→ Your goal
From the material below, retype exactly the lines that begin at the line with "Krakow in poland" and end after the line with "Humour OCR: DRIVING"; pictures stay out of the copy.

# # # # #

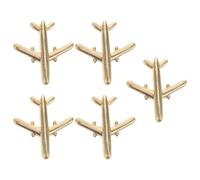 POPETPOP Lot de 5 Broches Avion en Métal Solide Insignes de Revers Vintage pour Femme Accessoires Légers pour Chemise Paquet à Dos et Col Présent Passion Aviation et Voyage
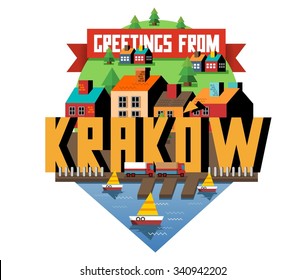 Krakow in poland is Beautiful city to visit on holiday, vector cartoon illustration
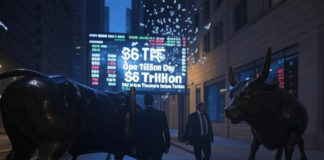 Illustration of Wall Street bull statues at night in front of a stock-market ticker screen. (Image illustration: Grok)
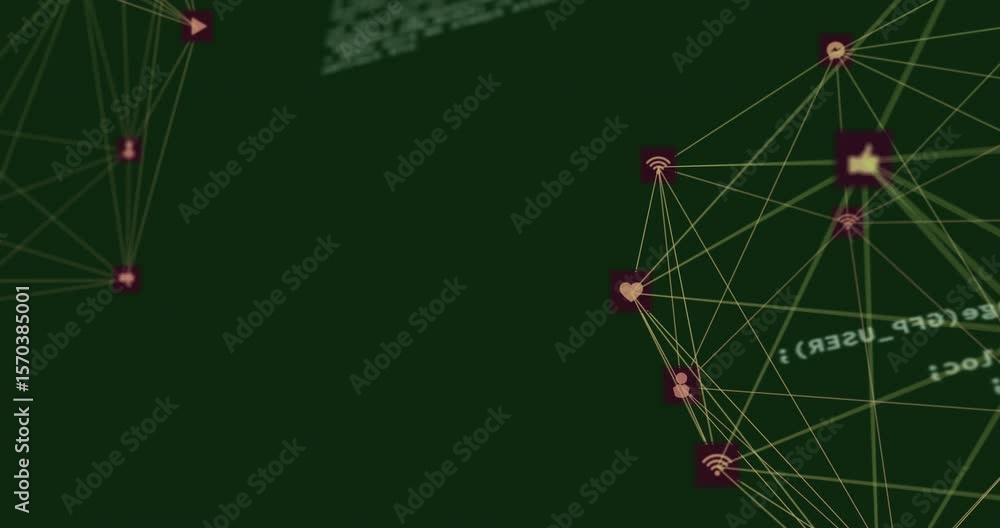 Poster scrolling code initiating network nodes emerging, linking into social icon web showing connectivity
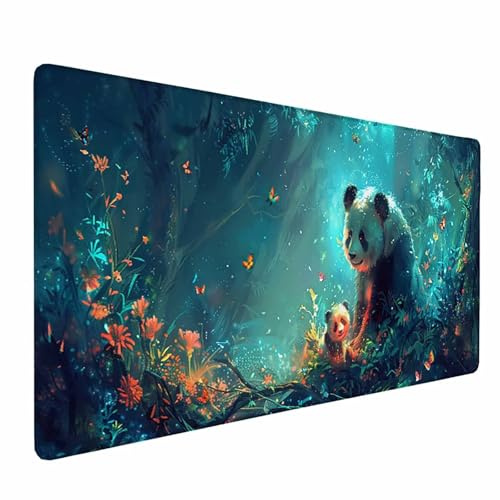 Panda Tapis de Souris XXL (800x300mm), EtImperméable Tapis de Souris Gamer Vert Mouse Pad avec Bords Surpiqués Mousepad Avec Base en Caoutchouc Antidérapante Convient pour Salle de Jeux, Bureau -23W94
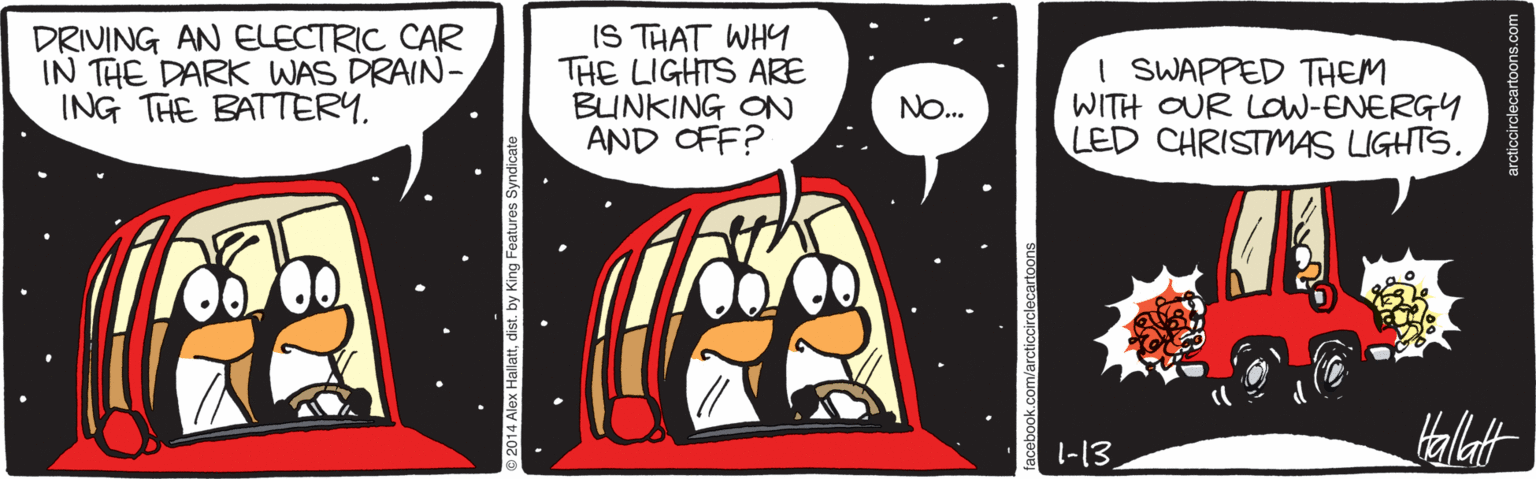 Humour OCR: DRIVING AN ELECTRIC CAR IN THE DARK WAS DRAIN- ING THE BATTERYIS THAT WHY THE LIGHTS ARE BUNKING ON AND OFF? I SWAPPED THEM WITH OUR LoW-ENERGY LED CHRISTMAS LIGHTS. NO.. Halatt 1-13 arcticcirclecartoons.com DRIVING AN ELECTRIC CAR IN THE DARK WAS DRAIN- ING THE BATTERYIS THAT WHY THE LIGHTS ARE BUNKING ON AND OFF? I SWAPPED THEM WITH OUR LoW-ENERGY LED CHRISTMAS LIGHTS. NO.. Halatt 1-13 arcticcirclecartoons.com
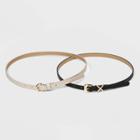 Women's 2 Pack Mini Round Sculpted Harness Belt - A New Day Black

# # # # #

→ Completed task
 Krakow in poland is Beautiful city to visit on holiday, vector cartoon illustration
 Illustration of Wall Street bull statues at night in front of a stock-market ticker screen. (Image illustration: Grok)
 Poster scrolling code initiating network nodes emerging, linking into social icon web showing connectivity
 Panda Tapis de Souris XXL (800x300mm), EtImperméable Tapis de Souris Gamer Vert Mouse Pad avec Bords Surpiqués Mousepad Avec Base en Caoutchouc Antidérapante Convient pour Salle de Jeux, Bureau -23W94
 Humour OCR: DRIVING AN ELECTRIC CAR IN THE DARK WAS DRAIN- ING THE BATTERYIS THAT WHY THE LIGHTS ARE BUNKING ON AND OFF? I SWAPPED THEM WITH OUR LoW-ENERGY LED CHRISTMAS LIGHTS. NO.. Halatt 1-13 arcticcirclecartoons.com DRIVING AN ELECTRIC CAR IN THE DARK WAS DRAIN- ING THE BATTERYIS THAT WHY THE LIGHTS ARE BUNKING ON AND OFF? I SWAPPED THEM WITH OUR LoW-ENERGY LED CHRISTMAS LIGHTS. NO.. Halatt 1-13 arcticcirclecartoons.com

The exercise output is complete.